Department of Biological Sciences, University of Illinois at Chicago, 845 West Taylor St., 60607-7060, Chicago, IL, USA.
Photosynth Res. 1995 Feb;43(2):125-30. doi: 10.1007/BF00042969.
Light activation of NADP-linked glyceraldehyde-3-P dehydrogenase involves reductive cleavage of a disulfide bond. We have proposed that the inactivating disulfide locks the two domains of the enzyme, preventing catalysis, and we have tentatively identified the two critical cysteine residues in the chloroplast enzyme (D. Li, F.J. Stevens, M. Schiffer and L.E. Anderson (1994) Biophys J. 67: 29-35). We reasoned that if activation of this enzyme involves these cysteines that enzymes lacking one or both should be active in the dark and insensitive to reductants. One of these cysteines is present in the enzymes from Anabaena variabilis and Synechocystis PCC 6803 but the other is not. Consistent with the proposed mechanism, glyceraldehyde-3-P dehydrogenase is not affected by DTT-treatment in extracts of either of these cyanobacteria. Fructosebisphosphatase is DTT-activated in extracts of both of these cyanobacteria and glucose-6-P dehydrogenase is inactivated in Synechocystis, as in higher plant chloroplasts. Apparently reductive modulation is possible in these cyanobacteria but glyceraldehyde-3-P dehydrogenase is not light activated.
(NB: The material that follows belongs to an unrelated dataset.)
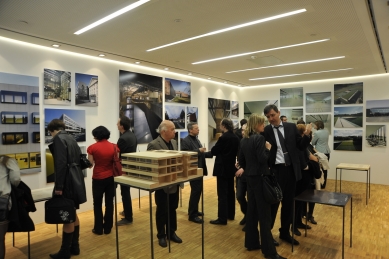 Světelné centrum Praha hostí výstavu „Stavění v souvislostech“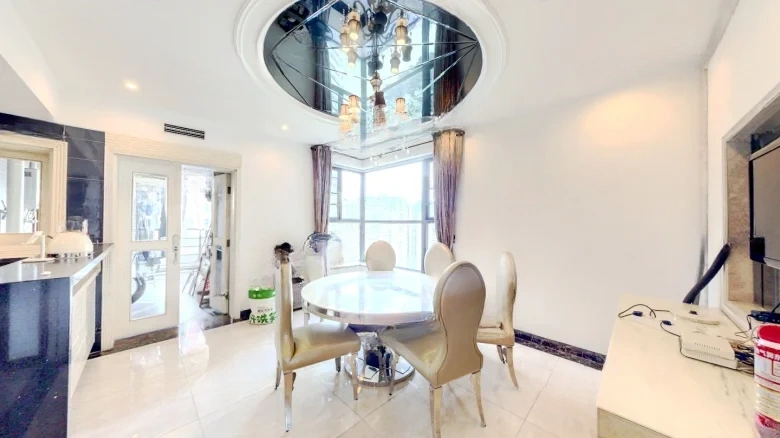 Yuehai Lijiang Garden Villas - View 1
光激活 NADP 连接的甘油醛-3-P 脱氢酶涉及二硫键的还原裂解。我们提出,失活的二硫键锁定了酶的两个结构域,阻止了催化作用,并且我们暂定鉴定了叶绿体酶中的两个关键半胱氨酸残基(D. Li、F.J. Stevens、M. Schiffer 和 L.E. Anderson(1994)生物物理学杂志 67:29-35)。我们推断,如果这种酶的激活涉及这些半胱氨酸,那么缺乏一个或两个半胱氨酸的酶应该在黑暗中活跃并且对还原剂不敏感。这些半胱氨酸之一存在于鱼腥藻和集胞藻 PCC 6803 的酶中,但另一个不存在。与提出的机制一致,DTT 处理不会影响这些蓝藻提取物中的甘油醛-3-P 脱氢酶。果糖-1,6-二磷酸酶在这两种蓝藻的提取物中均被 DTT 激活,而葡萄糖-6-P 脱氢酶在集胞藻中失活,与高等植物叶绿体中一样。显然,这些蓝藻中可能存在还原调节,但甘油醛-3-P 脱氢酶不会被光激活。